TRAIN WRECK UPDATE: Obamacare Co-Ops Exploit Dodgy Pricing.

You can read this development in two ways. One is as the surprising success of an innovative business model. And the other is as a potential fiscal disaster.

My general understanding of health insurance markets is that they are very, very tightly priced. If a policy is significantly cheaper, it’s either because the policy offers fewer benefits, its provider networks are miserly, or the insurance company has found a way to select for unusually healthy patients. (My favorite example of this in recent years was the Medicare Advantage policies that prominently advertised free gym memberships. You can imagine which seniors this benefit appeals to.)

And maybe that’s what the Obamacare phones are for. An insurer with 80 percent of the state market, however, cannot be lowering its prices through cherry-picking patients. My understanding is that most of the exchange policies offer relatively thin networks compared with the policies that are sold to employers, or individuals off the exchange, so that’s unlikely to be the full explanation, either.

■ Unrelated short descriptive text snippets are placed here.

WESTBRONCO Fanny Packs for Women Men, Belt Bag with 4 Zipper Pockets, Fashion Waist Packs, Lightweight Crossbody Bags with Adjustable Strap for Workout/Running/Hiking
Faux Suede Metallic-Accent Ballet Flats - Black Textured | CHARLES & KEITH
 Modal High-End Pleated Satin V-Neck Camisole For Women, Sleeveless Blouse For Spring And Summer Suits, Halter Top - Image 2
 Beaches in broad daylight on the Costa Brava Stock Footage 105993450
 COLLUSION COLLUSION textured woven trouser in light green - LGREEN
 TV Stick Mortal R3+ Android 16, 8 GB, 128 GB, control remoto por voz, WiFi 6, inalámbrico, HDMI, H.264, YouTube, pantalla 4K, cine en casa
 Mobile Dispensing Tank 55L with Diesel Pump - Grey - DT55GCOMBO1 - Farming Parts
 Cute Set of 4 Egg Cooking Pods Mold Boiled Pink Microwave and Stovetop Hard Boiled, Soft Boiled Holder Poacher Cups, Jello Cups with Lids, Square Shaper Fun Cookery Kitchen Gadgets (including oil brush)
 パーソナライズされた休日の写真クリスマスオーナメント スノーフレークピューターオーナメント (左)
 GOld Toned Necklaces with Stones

And what with all the mandates, an insurance company can’t be offering dramatically reduced benefits, either.

Which suggests a worrying alternative possibility — that the inexperienced co-ops have systematically priced their policies too low. That could hit the taxpayer in two ways: through the risk-corridor payments, which will make up excess losses, and through the $2.1 billion worth of government loans that have been made to these insurers.

Well, that would seem par for the course, wouldn’t it?